Scraped caption text data
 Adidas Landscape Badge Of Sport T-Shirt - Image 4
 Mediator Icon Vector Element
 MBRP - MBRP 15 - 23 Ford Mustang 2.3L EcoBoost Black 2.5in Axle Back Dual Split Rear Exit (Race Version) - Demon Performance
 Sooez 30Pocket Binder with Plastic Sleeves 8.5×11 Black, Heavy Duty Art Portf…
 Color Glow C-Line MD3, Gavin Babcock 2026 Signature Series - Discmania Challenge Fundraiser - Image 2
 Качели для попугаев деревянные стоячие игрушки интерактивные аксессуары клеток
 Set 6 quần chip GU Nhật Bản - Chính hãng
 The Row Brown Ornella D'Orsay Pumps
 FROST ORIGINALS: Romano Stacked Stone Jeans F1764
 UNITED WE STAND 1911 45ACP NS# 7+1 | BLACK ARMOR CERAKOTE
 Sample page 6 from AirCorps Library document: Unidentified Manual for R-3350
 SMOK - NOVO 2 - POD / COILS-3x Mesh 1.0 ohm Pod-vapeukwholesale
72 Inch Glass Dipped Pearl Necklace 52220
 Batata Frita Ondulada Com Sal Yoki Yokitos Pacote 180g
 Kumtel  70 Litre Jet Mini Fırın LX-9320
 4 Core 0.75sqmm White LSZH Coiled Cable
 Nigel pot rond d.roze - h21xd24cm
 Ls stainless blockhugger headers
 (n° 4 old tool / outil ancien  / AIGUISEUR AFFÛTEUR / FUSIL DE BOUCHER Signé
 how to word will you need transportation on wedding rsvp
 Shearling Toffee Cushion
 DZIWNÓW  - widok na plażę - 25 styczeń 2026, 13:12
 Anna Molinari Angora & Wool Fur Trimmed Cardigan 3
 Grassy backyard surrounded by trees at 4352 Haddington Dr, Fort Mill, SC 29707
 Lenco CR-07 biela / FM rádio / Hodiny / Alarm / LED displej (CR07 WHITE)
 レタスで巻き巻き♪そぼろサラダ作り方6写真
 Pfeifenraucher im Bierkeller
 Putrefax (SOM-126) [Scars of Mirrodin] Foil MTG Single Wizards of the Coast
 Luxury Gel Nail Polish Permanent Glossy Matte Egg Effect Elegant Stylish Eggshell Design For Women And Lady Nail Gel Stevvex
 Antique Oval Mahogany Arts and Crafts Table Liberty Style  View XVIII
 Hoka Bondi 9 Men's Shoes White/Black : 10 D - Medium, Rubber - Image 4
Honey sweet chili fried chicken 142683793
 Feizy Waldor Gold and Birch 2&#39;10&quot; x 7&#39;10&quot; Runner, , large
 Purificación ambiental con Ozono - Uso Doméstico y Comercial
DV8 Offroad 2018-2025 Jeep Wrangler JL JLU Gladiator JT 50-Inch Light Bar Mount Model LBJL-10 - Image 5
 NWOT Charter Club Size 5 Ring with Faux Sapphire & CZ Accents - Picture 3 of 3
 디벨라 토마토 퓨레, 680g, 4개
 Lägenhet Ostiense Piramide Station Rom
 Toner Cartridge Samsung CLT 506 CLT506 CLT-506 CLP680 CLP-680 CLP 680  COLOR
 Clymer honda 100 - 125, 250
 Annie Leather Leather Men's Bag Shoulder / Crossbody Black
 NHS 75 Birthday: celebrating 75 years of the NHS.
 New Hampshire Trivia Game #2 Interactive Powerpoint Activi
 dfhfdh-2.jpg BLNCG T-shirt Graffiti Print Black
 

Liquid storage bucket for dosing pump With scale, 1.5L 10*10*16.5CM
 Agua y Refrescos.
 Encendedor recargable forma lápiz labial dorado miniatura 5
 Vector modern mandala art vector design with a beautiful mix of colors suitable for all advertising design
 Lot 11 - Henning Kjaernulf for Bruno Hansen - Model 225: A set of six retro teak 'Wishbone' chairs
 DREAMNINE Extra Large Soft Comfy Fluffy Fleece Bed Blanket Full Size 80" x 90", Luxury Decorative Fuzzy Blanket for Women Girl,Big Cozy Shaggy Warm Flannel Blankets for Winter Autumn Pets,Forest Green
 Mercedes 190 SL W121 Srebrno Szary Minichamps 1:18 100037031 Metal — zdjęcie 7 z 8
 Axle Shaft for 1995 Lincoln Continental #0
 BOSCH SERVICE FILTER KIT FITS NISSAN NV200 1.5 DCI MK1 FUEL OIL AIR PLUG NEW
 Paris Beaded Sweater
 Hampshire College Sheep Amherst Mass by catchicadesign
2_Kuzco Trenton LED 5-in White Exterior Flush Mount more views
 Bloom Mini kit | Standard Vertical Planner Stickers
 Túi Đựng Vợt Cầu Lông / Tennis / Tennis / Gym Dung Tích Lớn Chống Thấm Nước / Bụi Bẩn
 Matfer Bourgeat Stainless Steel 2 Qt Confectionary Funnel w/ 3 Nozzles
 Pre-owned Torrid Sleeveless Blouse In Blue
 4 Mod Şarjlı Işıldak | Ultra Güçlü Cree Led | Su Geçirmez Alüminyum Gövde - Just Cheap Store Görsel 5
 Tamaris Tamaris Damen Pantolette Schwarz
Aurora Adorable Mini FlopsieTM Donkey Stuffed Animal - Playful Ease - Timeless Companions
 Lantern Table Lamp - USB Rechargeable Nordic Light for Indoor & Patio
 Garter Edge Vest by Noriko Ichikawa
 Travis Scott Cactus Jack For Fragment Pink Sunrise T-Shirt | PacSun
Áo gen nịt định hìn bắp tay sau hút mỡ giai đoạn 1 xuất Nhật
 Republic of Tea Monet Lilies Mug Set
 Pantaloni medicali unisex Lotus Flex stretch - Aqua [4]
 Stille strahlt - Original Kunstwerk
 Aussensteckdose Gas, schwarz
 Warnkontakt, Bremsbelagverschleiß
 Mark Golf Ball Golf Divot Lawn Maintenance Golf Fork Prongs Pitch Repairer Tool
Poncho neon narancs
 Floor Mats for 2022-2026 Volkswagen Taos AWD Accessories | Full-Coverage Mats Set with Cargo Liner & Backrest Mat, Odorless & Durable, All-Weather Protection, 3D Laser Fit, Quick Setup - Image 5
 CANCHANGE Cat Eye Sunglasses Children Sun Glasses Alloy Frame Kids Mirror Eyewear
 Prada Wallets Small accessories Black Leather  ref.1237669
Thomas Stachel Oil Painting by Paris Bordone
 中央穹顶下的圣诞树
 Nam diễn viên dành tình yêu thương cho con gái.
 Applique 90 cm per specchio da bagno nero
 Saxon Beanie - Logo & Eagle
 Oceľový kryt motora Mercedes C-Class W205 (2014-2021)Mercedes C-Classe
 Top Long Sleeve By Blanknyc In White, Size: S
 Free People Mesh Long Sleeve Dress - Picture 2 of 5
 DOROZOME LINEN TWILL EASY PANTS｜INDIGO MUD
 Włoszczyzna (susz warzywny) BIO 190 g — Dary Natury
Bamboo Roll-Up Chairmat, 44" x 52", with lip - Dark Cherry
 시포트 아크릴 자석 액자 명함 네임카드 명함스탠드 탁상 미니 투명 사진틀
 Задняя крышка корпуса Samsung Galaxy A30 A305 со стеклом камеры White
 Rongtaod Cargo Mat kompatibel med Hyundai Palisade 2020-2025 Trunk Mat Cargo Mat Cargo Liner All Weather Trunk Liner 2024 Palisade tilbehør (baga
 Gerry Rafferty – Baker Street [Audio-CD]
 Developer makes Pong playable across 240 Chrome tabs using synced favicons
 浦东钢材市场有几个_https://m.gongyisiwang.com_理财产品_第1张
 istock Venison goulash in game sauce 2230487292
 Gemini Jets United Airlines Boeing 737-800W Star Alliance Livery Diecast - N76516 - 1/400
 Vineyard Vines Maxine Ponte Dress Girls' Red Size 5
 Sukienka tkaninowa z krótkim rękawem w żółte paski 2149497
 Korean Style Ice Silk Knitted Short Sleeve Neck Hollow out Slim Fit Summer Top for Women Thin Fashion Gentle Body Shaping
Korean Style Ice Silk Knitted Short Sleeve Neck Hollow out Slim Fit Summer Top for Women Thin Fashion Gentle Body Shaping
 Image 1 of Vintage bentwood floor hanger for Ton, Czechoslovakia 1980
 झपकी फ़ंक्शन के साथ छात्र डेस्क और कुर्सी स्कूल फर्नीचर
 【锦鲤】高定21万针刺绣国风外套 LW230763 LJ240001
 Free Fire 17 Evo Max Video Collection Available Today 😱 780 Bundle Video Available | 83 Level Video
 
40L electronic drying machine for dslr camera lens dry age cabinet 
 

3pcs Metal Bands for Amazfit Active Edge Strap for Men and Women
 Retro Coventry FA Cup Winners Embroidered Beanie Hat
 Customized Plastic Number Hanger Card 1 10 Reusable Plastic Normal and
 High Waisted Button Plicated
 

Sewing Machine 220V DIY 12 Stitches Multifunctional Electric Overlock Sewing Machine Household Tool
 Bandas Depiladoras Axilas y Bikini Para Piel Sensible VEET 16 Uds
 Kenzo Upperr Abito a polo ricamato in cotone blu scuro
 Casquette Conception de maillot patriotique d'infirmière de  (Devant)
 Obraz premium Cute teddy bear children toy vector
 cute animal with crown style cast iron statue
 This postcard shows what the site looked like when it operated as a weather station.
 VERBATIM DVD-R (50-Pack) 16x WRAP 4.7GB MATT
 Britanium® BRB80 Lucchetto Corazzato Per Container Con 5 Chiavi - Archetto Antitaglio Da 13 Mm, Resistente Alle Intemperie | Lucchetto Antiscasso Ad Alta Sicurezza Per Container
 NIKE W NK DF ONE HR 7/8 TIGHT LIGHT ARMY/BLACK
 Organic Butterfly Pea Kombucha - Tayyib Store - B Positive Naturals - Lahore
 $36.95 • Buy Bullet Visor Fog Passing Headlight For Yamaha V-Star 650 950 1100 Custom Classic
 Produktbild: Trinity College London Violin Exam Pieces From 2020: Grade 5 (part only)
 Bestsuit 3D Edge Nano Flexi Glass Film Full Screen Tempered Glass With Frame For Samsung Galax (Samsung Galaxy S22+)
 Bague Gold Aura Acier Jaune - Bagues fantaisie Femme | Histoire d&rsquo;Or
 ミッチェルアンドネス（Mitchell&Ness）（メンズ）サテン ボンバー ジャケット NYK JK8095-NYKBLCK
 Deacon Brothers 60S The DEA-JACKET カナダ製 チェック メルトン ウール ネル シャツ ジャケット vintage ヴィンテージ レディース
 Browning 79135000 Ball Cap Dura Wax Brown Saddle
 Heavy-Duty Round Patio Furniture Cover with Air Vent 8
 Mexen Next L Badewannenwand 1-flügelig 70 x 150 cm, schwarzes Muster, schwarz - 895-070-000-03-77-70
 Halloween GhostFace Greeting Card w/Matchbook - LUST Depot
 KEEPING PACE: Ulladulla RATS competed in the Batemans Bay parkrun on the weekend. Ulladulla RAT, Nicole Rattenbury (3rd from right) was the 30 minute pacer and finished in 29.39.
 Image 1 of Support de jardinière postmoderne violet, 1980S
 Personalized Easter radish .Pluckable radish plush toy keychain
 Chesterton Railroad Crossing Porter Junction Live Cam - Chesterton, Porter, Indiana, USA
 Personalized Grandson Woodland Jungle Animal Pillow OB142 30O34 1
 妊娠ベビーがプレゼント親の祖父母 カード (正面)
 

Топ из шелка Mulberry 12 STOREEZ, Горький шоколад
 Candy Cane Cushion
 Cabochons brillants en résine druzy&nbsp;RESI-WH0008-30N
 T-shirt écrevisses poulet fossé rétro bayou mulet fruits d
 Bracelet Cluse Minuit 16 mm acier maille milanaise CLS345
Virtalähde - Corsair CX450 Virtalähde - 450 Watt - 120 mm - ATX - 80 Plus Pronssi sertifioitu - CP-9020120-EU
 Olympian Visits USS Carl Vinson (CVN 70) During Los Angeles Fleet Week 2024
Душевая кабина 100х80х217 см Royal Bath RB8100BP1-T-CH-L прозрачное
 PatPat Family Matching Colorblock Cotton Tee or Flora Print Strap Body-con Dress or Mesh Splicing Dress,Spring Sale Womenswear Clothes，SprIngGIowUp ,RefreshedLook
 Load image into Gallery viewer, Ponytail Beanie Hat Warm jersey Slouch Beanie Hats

Task goal
When the line with "Retro Coventry FA" is reached in the data above, begin copying, and stop after the line with "cute animal with"; copy each line exactly, both ends included.

Output for this task
 Retro Coventry FA Cup Winners Embroidered Beanie Hat
 Customized Plastic Number Hanger Card 1 10 Reusable Plastic Normal and
 High Waisted Button Plicated
 

Sewing Machine 220V DIY 12 Stitches Multifunctional Electric Overlock Sewing Machine Household Tool
 Bandas Depiladoras Axilas y Bikini Para Piel Sensible VEET 16 Uds
 Kenzo Upperr Abito a polo ricamato in cotone blu scuro
 Casquette Conception de maillot patriotique d'infirmière de  (Devant)
 Obraz premium Cute teddy bear children toy vector
 cute animal with crown style cast iron statue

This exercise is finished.